Robert Merton delivered the The Nathan and Beatrice Keyfitz Lectures in Mathematics and the Social Sciences this past Thursday to a delighted audience of about 300 people who packed the large auditorium at the Bahen Center. He touched on many important aspects of the financial crisis, including the structural challenges posed by the intrinsic "put option" embedded in any risky loan, the role of composition when seemingly prudent actions taken by individuals in isolation lead to large systemic risks, and the limitations of mathematical models, which in his view cannot be judged separately from their users and applications. Contrary to populist clamors for "common sense", he said that the crisis accentuates the need for more quantitative research in finance, since none of these problems will go away by a magical return to "simplicity" in the financial world. Needless to say, I agree with all that, otherwise we would not have gone ahead with a thematic program on this subject.

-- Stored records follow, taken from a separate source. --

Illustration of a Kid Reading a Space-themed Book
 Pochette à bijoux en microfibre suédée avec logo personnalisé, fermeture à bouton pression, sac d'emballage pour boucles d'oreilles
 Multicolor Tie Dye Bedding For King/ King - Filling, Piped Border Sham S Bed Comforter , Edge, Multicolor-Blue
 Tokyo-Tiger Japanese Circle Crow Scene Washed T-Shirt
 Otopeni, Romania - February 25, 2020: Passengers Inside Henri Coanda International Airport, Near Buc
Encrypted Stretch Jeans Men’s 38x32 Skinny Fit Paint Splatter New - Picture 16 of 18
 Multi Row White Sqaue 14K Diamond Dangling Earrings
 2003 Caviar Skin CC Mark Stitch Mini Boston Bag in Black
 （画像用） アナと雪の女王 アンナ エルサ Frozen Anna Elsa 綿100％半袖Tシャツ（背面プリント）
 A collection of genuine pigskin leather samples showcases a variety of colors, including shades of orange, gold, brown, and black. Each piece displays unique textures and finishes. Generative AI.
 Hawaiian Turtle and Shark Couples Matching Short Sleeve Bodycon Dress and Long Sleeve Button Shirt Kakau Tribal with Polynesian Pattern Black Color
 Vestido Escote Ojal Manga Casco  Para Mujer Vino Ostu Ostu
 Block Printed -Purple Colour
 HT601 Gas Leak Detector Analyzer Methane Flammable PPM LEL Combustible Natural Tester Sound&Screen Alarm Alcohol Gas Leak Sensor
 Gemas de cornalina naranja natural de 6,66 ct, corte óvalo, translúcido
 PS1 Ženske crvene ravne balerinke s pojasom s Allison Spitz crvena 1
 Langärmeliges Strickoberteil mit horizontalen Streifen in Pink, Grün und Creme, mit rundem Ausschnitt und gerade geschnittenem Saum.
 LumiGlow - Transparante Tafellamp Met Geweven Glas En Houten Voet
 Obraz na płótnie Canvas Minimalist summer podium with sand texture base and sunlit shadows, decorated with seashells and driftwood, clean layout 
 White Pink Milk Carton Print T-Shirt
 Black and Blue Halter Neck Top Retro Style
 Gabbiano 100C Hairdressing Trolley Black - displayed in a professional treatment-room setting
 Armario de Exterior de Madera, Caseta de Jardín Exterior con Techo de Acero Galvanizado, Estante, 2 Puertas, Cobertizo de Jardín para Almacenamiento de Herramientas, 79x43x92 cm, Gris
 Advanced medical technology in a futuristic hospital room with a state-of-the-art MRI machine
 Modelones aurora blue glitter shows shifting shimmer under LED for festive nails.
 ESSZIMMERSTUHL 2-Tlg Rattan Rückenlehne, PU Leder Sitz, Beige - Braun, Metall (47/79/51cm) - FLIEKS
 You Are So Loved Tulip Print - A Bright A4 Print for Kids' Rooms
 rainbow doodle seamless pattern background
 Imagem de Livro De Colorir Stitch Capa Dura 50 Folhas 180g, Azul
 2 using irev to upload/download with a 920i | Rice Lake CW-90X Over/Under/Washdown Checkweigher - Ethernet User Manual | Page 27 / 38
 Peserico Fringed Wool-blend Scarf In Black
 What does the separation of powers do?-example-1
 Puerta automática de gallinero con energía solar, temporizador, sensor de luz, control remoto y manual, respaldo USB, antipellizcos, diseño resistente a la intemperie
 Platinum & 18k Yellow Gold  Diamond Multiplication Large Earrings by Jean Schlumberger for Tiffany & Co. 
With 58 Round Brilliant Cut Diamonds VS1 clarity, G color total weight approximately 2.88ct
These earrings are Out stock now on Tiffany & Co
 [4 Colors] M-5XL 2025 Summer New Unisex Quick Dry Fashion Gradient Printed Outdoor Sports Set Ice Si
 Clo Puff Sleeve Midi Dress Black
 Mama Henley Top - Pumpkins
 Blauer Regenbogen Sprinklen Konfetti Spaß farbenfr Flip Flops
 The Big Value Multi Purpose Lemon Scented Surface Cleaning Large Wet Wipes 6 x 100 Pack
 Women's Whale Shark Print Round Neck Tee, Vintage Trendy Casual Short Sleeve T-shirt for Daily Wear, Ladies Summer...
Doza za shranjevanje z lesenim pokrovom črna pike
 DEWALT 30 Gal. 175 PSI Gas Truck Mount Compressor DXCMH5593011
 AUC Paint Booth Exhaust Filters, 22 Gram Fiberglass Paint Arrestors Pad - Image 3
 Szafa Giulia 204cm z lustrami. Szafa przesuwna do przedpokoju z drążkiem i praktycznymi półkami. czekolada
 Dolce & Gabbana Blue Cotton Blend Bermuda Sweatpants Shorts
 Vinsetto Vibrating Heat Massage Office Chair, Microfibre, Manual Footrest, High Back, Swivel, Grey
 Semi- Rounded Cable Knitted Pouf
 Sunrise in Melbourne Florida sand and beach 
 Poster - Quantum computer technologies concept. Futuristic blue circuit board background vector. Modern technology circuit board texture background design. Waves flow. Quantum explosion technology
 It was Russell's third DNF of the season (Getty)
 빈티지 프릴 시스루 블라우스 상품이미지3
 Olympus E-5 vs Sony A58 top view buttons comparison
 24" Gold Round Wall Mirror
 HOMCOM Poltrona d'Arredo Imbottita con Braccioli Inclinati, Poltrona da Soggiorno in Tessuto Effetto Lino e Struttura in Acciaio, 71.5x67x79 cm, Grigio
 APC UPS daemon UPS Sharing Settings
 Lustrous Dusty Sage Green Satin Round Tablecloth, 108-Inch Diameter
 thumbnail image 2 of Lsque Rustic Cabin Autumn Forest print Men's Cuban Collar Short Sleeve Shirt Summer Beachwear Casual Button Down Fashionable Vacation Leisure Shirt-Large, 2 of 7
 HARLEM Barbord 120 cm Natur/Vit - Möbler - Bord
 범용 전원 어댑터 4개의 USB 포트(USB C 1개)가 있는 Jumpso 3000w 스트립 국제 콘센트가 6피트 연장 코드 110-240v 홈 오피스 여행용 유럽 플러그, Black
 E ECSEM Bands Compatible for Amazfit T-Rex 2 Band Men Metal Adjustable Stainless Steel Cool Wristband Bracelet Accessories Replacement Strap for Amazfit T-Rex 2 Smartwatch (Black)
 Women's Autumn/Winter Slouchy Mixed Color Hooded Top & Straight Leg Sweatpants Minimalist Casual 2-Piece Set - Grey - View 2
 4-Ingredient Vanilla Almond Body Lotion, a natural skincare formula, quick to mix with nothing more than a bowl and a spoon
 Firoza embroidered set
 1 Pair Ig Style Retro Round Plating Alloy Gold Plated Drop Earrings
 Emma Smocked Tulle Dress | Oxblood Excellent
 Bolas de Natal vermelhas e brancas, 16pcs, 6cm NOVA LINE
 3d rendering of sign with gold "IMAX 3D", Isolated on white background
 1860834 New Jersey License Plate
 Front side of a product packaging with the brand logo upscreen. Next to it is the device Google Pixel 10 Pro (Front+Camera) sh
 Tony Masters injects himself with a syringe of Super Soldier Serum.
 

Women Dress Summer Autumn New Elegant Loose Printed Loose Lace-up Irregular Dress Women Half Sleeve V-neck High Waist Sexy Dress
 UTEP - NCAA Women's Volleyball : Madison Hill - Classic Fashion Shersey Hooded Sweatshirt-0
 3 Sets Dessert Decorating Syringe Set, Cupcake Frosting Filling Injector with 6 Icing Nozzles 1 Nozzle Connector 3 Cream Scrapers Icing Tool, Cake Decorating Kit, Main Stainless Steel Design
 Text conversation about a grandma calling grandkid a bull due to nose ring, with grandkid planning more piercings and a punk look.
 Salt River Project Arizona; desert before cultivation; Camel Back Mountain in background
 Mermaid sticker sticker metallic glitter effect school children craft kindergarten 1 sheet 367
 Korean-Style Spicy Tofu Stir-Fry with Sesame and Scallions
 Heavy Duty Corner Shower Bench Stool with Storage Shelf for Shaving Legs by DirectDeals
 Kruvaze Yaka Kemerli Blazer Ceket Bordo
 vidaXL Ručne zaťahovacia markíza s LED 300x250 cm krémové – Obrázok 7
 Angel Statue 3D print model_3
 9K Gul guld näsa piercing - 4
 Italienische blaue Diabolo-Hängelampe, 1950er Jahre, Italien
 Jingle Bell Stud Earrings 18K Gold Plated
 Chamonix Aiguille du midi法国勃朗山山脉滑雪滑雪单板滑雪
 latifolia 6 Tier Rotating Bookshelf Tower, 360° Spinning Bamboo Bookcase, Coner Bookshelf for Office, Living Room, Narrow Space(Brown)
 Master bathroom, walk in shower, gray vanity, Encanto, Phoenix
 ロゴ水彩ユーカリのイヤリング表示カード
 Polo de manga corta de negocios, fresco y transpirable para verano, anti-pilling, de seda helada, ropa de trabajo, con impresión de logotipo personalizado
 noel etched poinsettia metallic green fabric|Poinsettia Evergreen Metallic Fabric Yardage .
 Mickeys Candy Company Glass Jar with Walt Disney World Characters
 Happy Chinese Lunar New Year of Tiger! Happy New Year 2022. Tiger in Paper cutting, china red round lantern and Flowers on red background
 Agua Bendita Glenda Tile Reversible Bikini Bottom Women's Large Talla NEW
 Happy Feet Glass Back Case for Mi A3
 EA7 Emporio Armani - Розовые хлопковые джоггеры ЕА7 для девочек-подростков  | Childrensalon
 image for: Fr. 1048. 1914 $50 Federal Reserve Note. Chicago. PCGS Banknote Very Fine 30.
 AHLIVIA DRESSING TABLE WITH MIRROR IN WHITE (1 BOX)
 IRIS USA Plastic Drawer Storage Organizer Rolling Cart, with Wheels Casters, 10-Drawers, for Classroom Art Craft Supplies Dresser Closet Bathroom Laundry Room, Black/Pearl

Apart from the lecture itself, I had the privilege to host him at Fields during the afternoon and to take him out for dinner afterward together with other distinguished guests associated with the Institute. We were unanimously impressed by how engaging he was, not only by being ready to share personal experiences from the vantage point he occupied for the past 40 years, but also being genuinely interested in the research ideas that we timidly put forward for discussion.
At least for me, it was undoubtedly the high moment of the program so far, the kind of stuff that makes it all worthwhile.